##### Task inputs

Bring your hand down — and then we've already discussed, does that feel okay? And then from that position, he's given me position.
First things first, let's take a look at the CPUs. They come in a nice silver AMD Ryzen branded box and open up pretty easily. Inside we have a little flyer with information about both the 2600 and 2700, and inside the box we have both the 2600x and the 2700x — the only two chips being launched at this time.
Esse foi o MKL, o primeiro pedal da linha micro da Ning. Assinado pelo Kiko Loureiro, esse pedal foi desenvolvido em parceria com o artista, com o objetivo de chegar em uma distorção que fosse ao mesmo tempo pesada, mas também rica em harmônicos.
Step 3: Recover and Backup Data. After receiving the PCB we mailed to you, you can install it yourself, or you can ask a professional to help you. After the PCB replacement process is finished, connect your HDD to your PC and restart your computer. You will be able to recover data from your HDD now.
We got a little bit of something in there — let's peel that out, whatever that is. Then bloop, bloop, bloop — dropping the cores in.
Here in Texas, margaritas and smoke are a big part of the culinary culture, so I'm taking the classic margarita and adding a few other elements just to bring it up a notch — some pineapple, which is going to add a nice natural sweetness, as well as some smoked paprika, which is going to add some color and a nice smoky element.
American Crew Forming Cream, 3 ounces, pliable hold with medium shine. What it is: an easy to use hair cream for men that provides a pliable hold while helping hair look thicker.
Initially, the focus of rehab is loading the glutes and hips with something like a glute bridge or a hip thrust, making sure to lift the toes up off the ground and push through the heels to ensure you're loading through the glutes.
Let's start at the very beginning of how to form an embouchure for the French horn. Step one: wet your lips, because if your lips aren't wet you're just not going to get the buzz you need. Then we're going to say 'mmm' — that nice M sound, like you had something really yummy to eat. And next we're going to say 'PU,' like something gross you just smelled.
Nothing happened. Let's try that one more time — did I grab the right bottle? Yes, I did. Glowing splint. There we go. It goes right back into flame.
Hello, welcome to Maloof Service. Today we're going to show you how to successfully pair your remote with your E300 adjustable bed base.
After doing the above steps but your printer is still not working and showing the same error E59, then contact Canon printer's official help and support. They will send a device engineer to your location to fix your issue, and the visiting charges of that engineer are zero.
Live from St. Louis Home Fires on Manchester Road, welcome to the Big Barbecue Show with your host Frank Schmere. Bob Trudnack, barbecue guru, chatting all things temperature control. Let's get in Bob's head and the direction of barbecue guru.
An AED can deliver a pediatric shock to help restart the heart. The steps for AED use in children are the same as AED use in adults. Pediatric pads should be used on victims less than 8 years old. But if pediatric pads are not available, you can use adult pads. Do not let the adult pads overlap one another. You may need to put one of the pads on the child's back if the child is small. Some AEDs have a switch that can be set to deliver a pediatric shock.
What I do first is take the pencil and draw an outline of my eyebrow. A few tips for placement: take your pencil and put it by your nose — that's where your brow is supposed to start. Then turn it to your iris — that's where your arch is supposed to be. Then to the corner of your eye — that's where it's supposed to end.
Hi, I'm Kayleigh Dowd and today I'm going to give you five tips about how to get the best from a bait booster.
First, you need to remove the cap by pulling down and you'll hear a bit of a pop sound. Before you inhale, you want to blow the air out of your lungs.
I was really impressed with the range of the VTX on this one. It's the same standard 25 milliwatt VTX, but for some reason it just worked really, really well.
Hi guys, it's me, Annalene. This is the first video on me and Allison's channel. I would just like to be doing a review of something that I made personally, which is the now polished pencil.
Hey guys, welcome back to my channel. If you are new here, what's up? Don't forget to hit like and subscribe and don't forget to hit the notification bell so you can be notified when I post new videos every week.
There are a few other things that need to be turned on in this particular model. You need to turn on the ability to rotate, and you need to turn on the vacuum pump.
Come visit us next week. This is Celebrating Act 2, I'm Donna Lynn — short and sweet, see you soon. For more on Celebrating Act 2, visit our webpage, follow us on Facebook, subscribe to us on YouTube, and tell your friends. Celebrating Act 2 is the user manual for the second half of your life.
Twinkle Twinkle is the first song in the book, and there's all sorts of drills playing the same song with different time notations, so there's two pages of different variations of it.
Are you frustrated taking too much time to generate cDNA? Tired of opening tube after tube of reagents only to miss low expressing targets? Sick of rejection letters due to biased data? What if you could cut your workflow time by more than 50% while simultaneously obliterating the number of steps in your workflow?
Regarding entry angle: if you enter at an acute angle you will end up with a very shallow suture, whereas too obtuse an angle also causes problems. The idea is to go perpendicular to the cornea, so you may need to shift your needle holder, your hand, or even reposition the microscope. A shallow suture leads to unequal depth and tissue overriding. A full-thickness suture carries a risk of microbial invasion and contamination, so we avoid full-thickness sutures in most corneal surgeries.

##########

#### Your goal
Above are the records. Copy every line in them holding "down".

#### Answer section
Bring your hand down — and then we've already discussed, does that feel okay? And then from that position, he's given me position.
First, you need to remove the cap by pulling down and you'll hear a bit of a pop sound. Before you inhale, you want to blow the air out of your lungs.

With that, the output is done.